Some very nasty weather was on its way, bringing the first of the winter gales, so Algy made the most of one final opportunity to enjoy the colours – and some autumn sunshine – before the storm swept in to blow all the leaves off the trees and turn the world to grey.

As he perched on a mossy stump beneath an old oak tree, he thought of the famous poem by Alfred, Lord Tennyson:

Live thy Life,
Young and old,
Like yon oak,
Bright in spring,
Living gold;

Then; and then
Gold again.

All his leaves
Fall’n at length,
Look, he stands,
Trunk and bough
Naked strength.

[Algy is quoting the poem The Oak by the 19th century English poet Alfred, Lord Tennyson.]

Although the sun was no longer able to rise very high in the sky, Algy found that it felt comfortably warm, providing he stayed away from the huge, dark shadows. But the days were growing very much shorter now, and the shadows moved fast, trying to chase him across the hill, so he found that he could not remain in one spot for very long without them catching hold of him with their long, chilly fingers.

The sun was shining and the landscape had put on its very best autumn clothes. Algy perched in the golden grasses, and just gazed and gazed at the beautiful scene. Before long, winter’s greys and browns would turn it all to a dull monochrome, but for the moment the colours were glorious, and Algy drank them in. He was reminded of some verses from a poem by John Clare:

The summer-flower has run to seed,
And yellow is the woodland bough;
And every leaf of bush and weed
Is tipt with autumn’s pencil now.

And I do love the varied hue,
And I do love the browning plain;
And I do love each scene to view,
That’s mark’d with beauties of her reign.

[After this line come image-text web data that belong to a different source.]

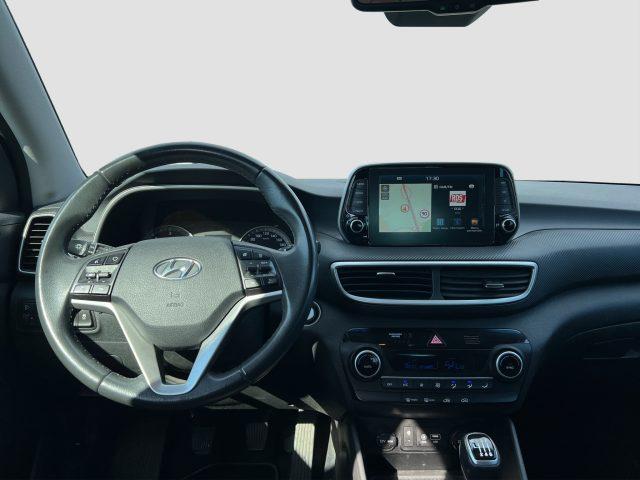 HYUNDAI Tucson Tucson 1.6 CRDi 48V XPrime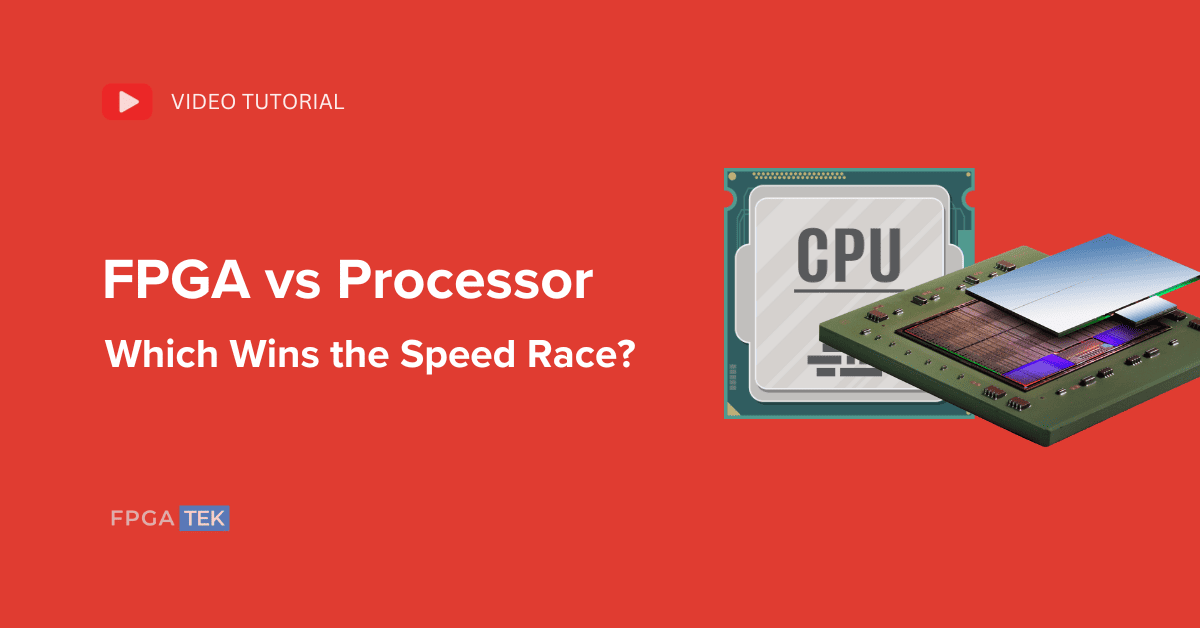 fpga vs processor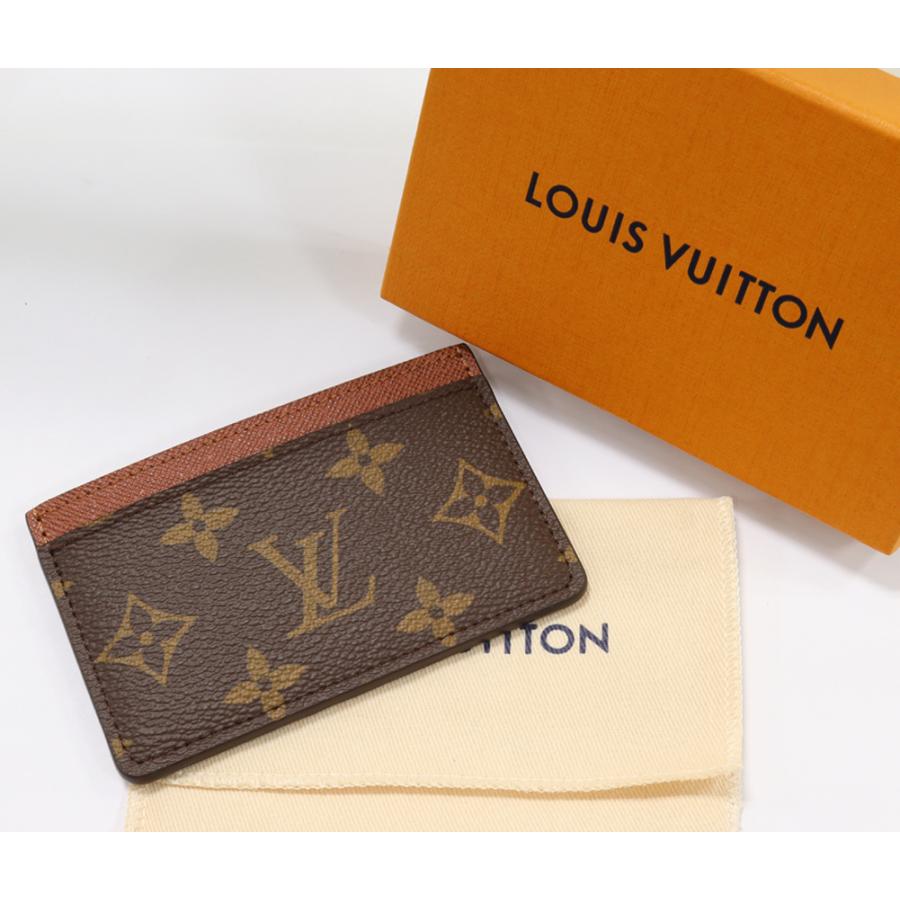 【美品】ルイヴィトン　M61733　モノグラム　カードケース　NFC対応 Amazon | [ルイヴィトン] パスケース カードケース m61733 [並行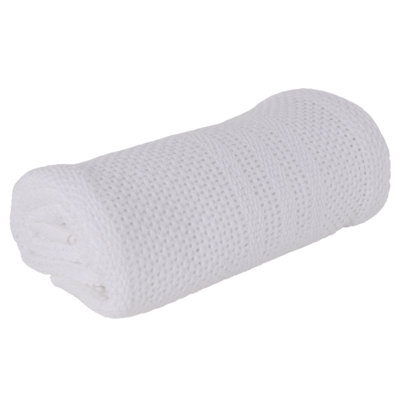 Brunson Cotton Stroller Blanket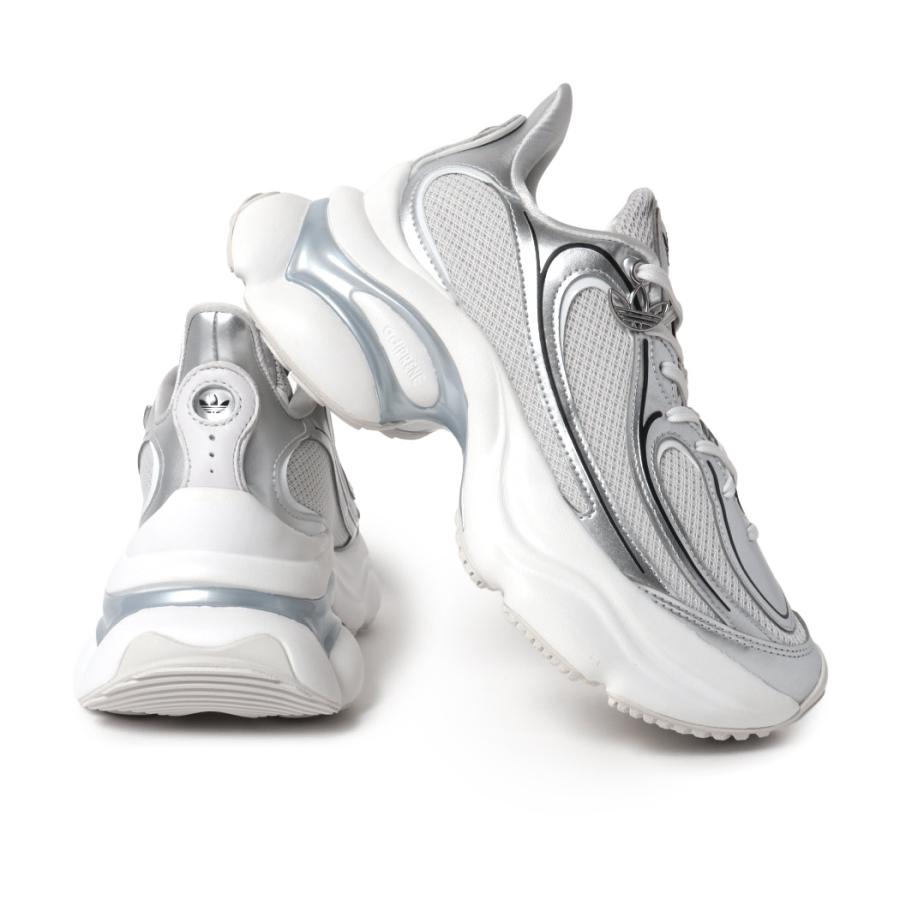 adidas アディダス ボリューム 厚底 スニーカー オズヴィーナス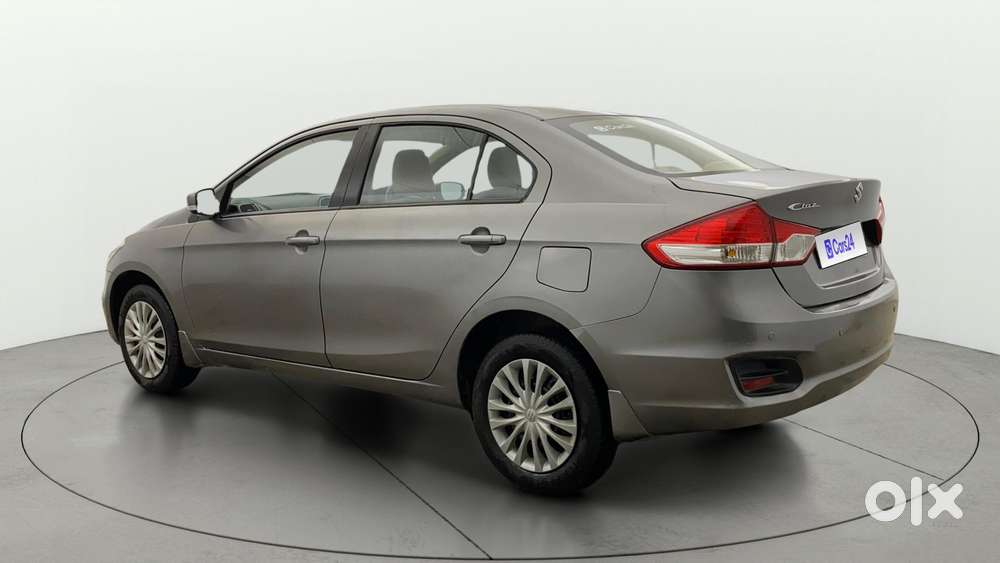Maruti Suzuki Ciaz 1.4 Delta, 2017, Petrol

Algy hopes that if you live in the northern hemisphere, you too will have a chance to appreciate the glories of nature “tipt with autumn’s pencil”, whether it is in the wild countryside, or in a park in the heart of the city 🙂

[Algy is quoting the first two verses of the poem Autumn from The Village Minstrel (1821) by the 19th century English poet John Clare.]

The first day of November was exceptionally fine for the time of year, and although Algy knew that the good weather would not last, he decided to make the most of it while he had the chance. So he flew to a local beauty spot and reclined in a patch of dry bracken, pretending that he was a tourist admiring the view. He was tickled to see that a tree on the hillside facing him had bright yellow hair, just like his own 🙂

When Algy had recovered from the unfortunate effects of a surfeit of underripe blackberries, he decided to explore the woodlands. The sun was much lower in the sky now that the season was rapidly advancing towards winter, but it still had a wee bit of warmth in it. Flying up to a spot near the top of a hill, he found a sunny perch on a broken limb of a battered old silver birch tree, and rested there for a while in the afternoon sunshine, until the cold shadow began to creep up his legs as the sun sank down behind the trees of the woodland behind him.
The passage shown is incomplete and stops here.